1905年の新聞にアメリカの新聞に「チリ・クイーン(Chili Queen)」という屋号の露天商がロサンゼルスにやってきてタコスを売っていると言及があります。彼らはメキシコからアメリカにやってきた炭鉱労働者や鉄道労働者で、お祭りの開催に併せてタコスを売って一儲けしようと企んだようです。この時チリ・クイーンが売ったスパイシーなタコスはアメリカ人には物珍しく、またこの時のメキシコ人の女性の売り子の「エキゾチックさ」と合間って人気となりました。
実際のところ、当時のアメリカ人はメキシコ人の若い女性を一夜の相手として「買える」と思っていたようです。西洋人が東洋人に感じる「オリエンタリズム」のようなものをメキシコ人にも感じていたのかもしれません。
アメリカ化するタコス
1910〜20年代に労働者としてアメリカにやってきたメキシコ人の移民2世は、英語を流暢に話し教育水準も高く、親世代に比べて所得も高い人が多くなっていました。また第二次世界大戦にも従軍しアメリカ人としての意識が高くありました。しかし、いかにアメリカナイズされようがメキシコ系はタコスが大好き。彼らがアメリカの主要社会に進出していくことにより、タコスの社会的な認知が高まっていくことになります。
牛の臓物や舌、唐辛子、ワカモーレなどを挟むのが定番だったタコスは、アメリカ人の舌の好みに合わせて、牛ステーキ、ひき肉、チェダーチーズ、レタス、トマトなどの材料を挟んで食されました。まるでハンバーガーですが、「メキシコ風のバンズで食べる一風変わったハンバーガー」的な感じで、当時のアメリカ人にとっては充分外国風の味を味わえたのではないでしょうか。
4. ファストフードとしてのタコスの拡大
Photo by Anthony92931
タコスを世界に広げた1番の功労者は、ファストフードチェーンの「タコベル」です。
タコベルは日本では2019年3月時点で東京に8店舗、大阪に2店舗のみあるだけで、まだあまり馴染みがありませんが、世界では6,000店舗を展開する巨大チェーンです。
タコベルの創業者はグレン・ベルという人物。
彼はもともと、ホットドッグやハンバーガーを販売するレストランを展開していましたが、1952年にカリフォルニア・ダウニーでタコスを提供するタコス・スタンドをオープン。ベルが作るタコスは瞬く間に人気になり、わずか5年で巨大ファストフードチェーンに成長し、1975年には全米で325店舗を持つまでに至りました。
タコベルがここまで成長できた要因は2つあります。
1つは「ハードシェルドタコ」。
これはトルティーヤを油で揚げたもので、以前からあったものですが、ベルは具を入れやすいように「U」の字に曲げて揚げて量産化することで、トルティーヤの日持ちを長くしてロスを限りなく少なくし、オペレーションを簡易化することに成功しました。アメリカのタコスと言えばハードシェルドタコですが、これはタコベルの影響が大きいのです。
2つ目が「アメリカ人向けに提供した」こと。
ベルが作ったタコスは先述の牛肉やチーズが入ったタコスのように徹底的にアメリカナイズされたもので、本場のメキシコ人からするととてもタコスとは言えない代物でした。ベルはメキシコ系が住む地区は避け、イギリス系やその他の人種が多く住む地区にタコベルを出店し「手軽に安く食べられるメキシコ料理」として提供したのでした。

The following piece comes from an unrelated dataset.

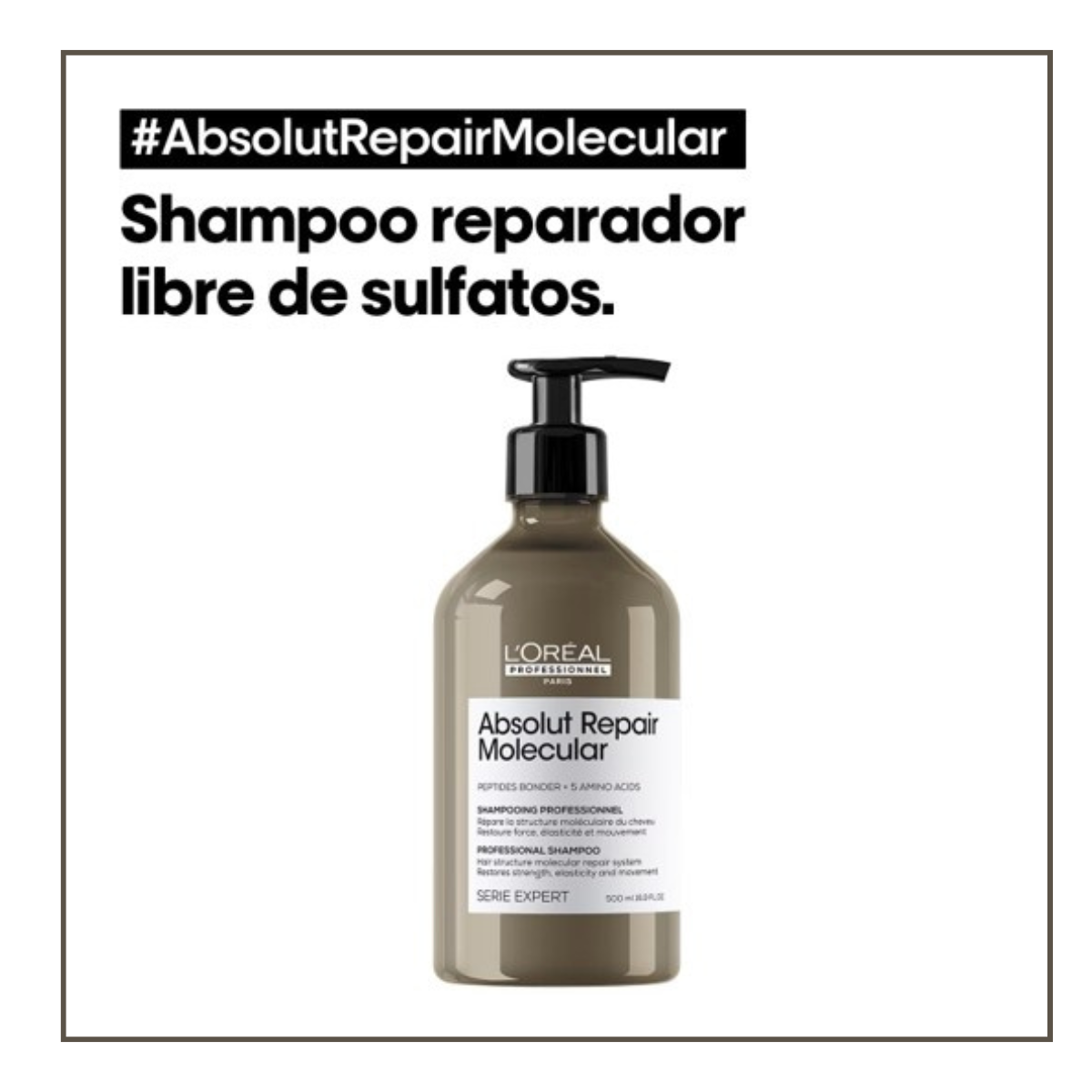 Shampoo Absolut Repair Molecular 500 ml Loreal Professionel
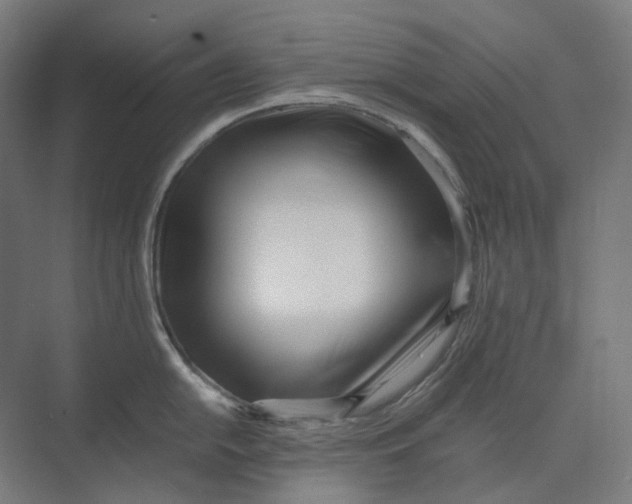 X0000073511054200608281702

実際にタコベルはメキシコにも進出を何度か試みていますがその度に失敗しているようです。アメリカの寿司チェーンが日本に進出するようなもので、そりゃ難しかろうという気がします。
メキシコ人からするとタコベルのような「まがいもの」がメキシコ料理のタコスだと思われるのは心外でしょうが、タコベルの世界進出によってタコス、そしてメキシコ料理の認知も上がっている側面もあるので、なかなか難しいところです。
ただ、メキシコ料理であるタコスの「懐の深さ」がタコスの発展をもたらしているのであって、寿司が世界中で人気になってカリフォルニアロールなど新たな発展を遂げて親しまれているように、タコベルのタコスはグローバル料理としてのタコスの進化に貢献していると言えるのではないでしょうか。
5. 発展するタコス
タコスの懐の深さを表すように、実際のところタコスの具は「なんでもあり」です。
パッと思い浮かぶのは、ひき肉、レタス、玉ねぎ、トマト、チーズあたりですが、 牛、豚、鶏、ヤギ、臓物、シーフード、キノコ、卵、数々の野菜などなど、考えられる食材はなんでも入ります。代表的なタコスを挙げてみます。
メキシコ人のソウル・フード、カルネ・アサダ(牛肉のステーキ)が入った「タコス・デ・アサダ」。
Photo from "Varieties of Tacos" Beef 2 Live
1930年〜1960年代にメキシコに流入したレバノン移民が持ち込んだシュワルマ(ケバブ)をメキシコ風にアレンジした「タコス・アル・パスツール」。中西部の町プエブラの名物です。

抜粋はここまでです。